**Work order**
Retype the entries below exactly, and keep every picture out of your version.

Recorded data:

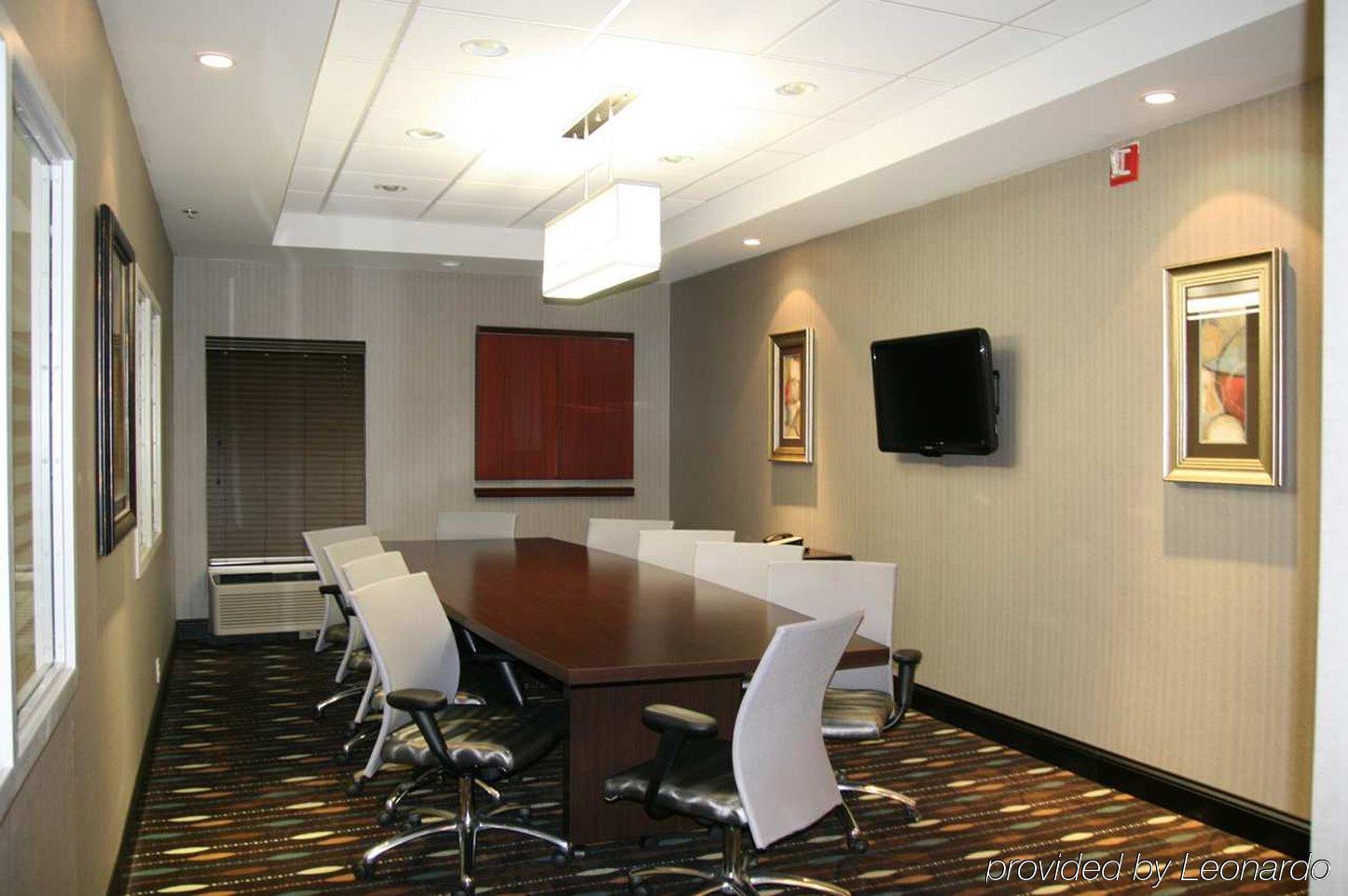 Hampton Inn West Columbus Negócio foto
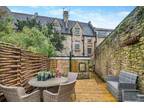3 bedroom terraced house for sale in Dyer Street, Cirencester, Gloucestershire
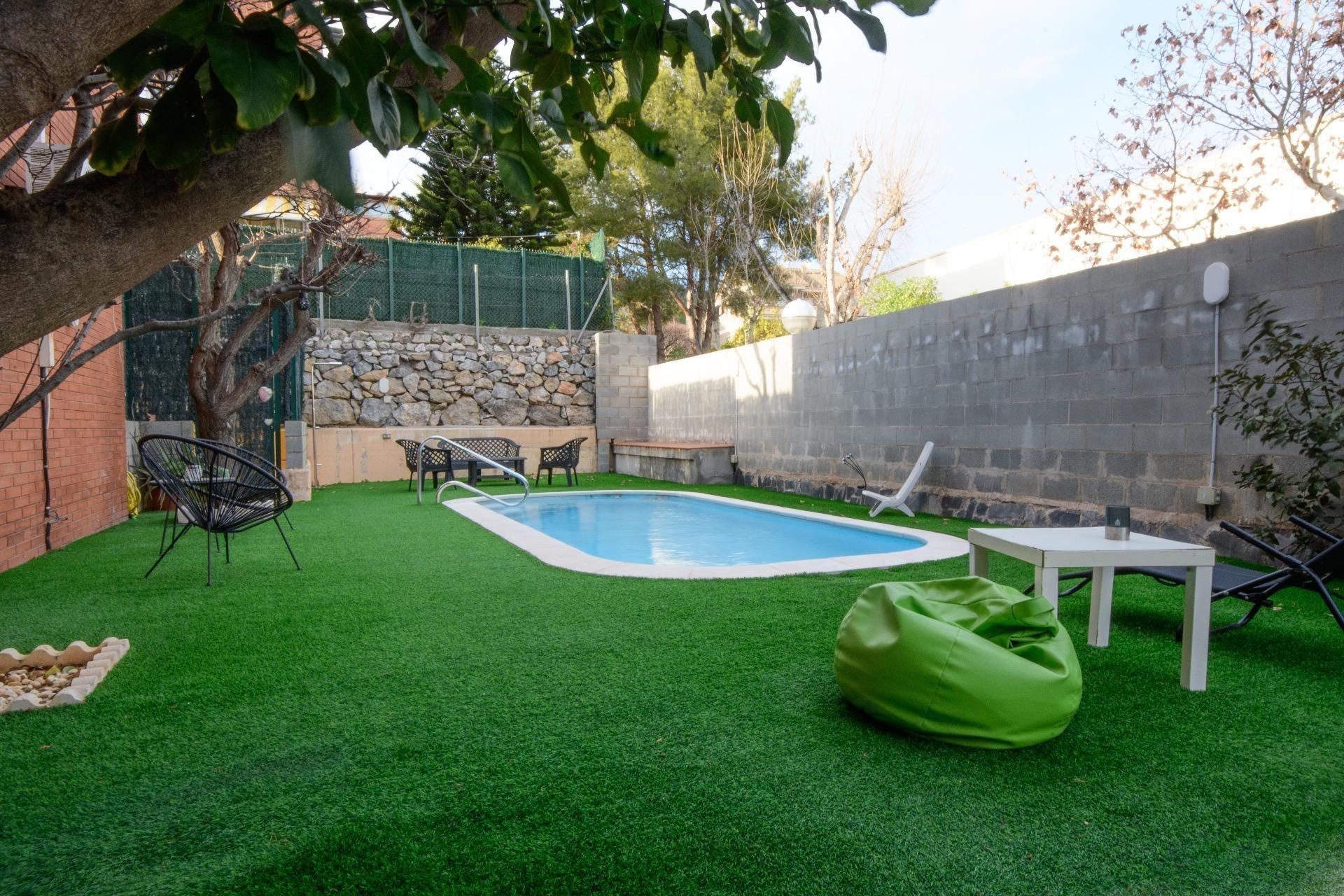 Swimming pool of Single-family semi-detached for sale in Viladecans  with Air Conditioner, Heating and Private garden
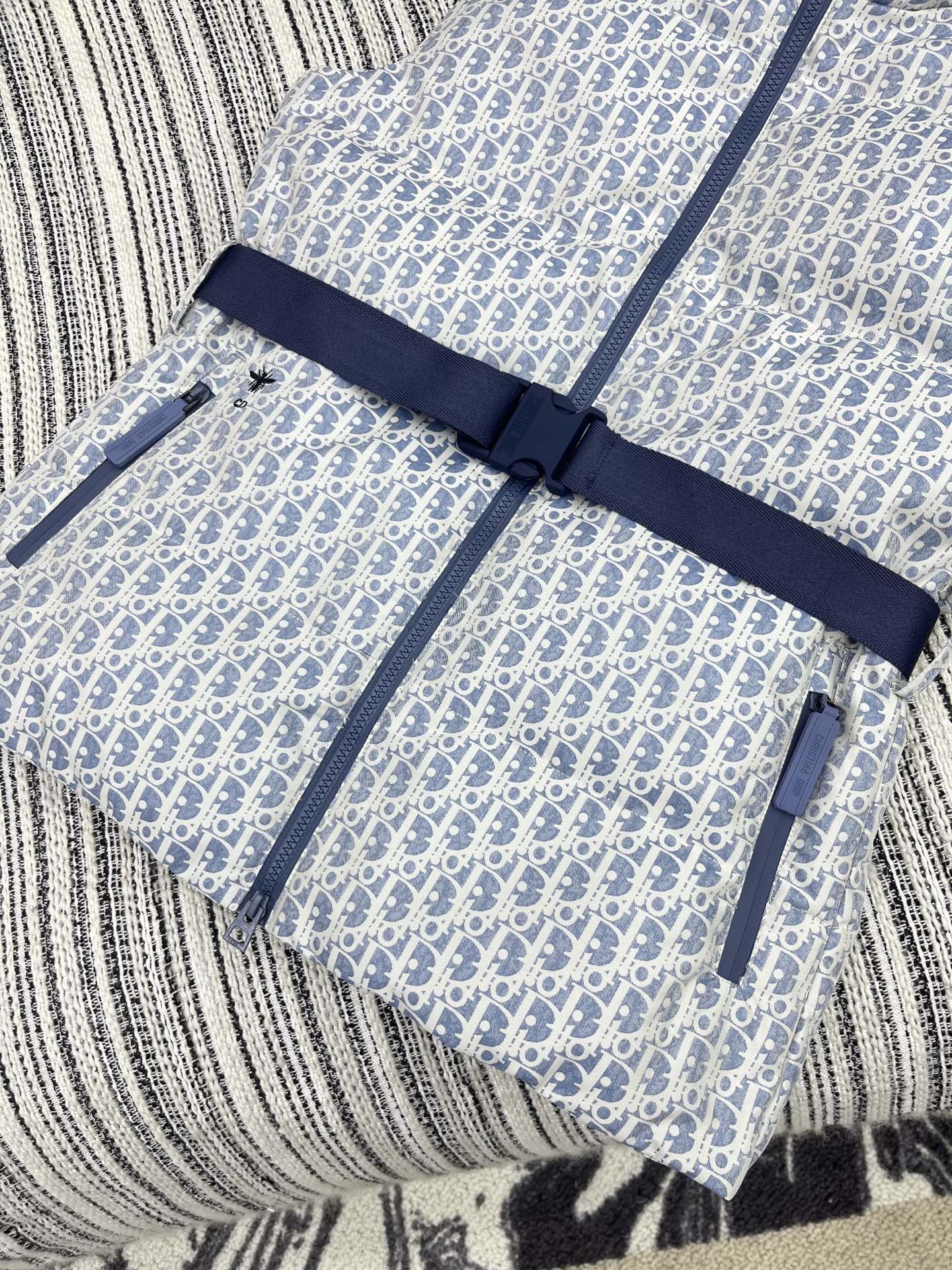 🛒𝐍𝐄𝐖 · 𝟐𝟎𝟐5/爆款现货原单品质 Dio*｜25新款立领老花羽绒服马甲外套爆单系列款 气质女神必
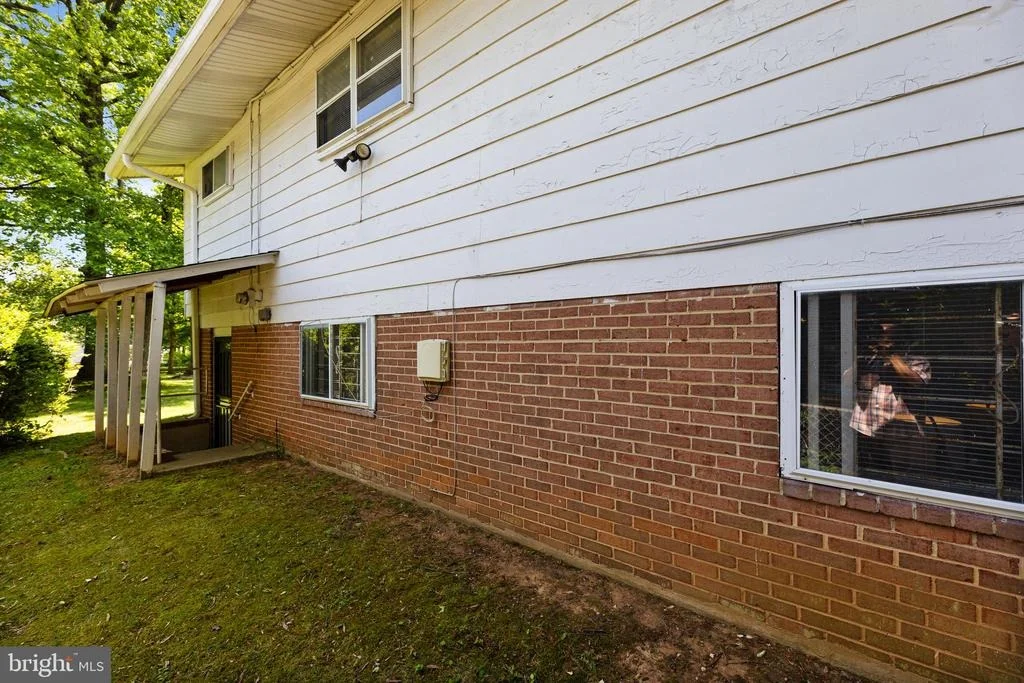 Photo of 6937 NASHVILLE ROAD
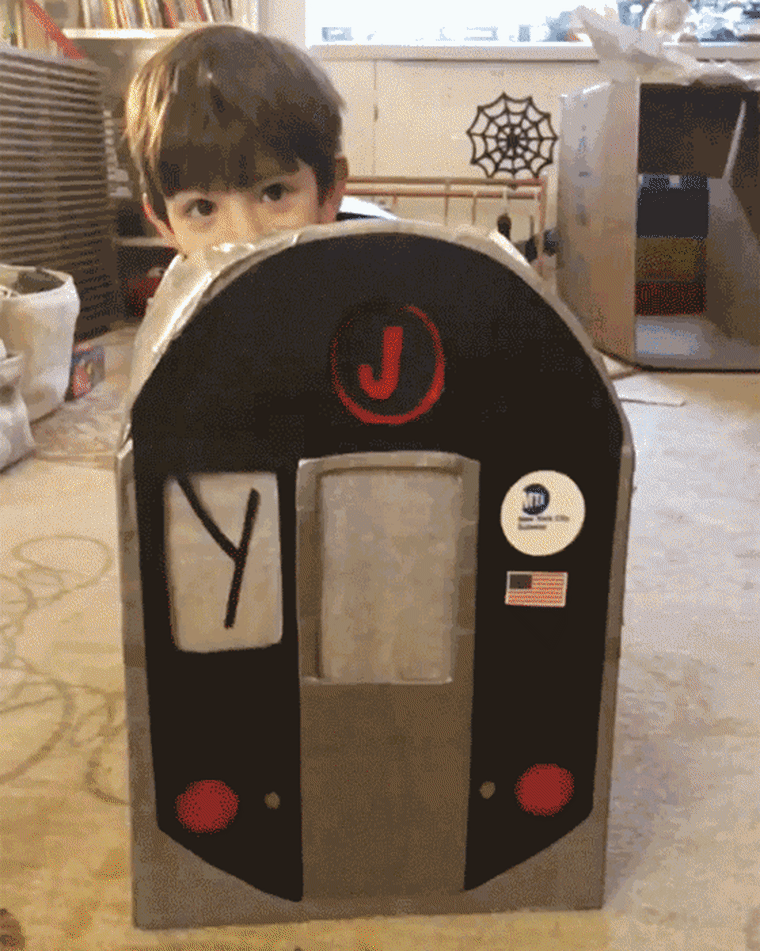Niño disfrazado de tren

**Written solution**
 Hampton Inn West Columbus Negócio foto
3 bedroom terraced house for sale in Dyer Street, Cirencester, Gloucestershire
 Swimming pool of Single-family semi-detached for sale in Viladecans  with Air Conditioner, Heating and Private garden
 🛒𝐍𝐄𝐖 · 𝟐𝟎𝟐5/爆款现货原单品质 Dio*｜25新款立领老花羽绒服马甲外套爆单系列款 气质女神必
 Photo of 6937 NASHVILLE ROAD
Niño disfrazado de tren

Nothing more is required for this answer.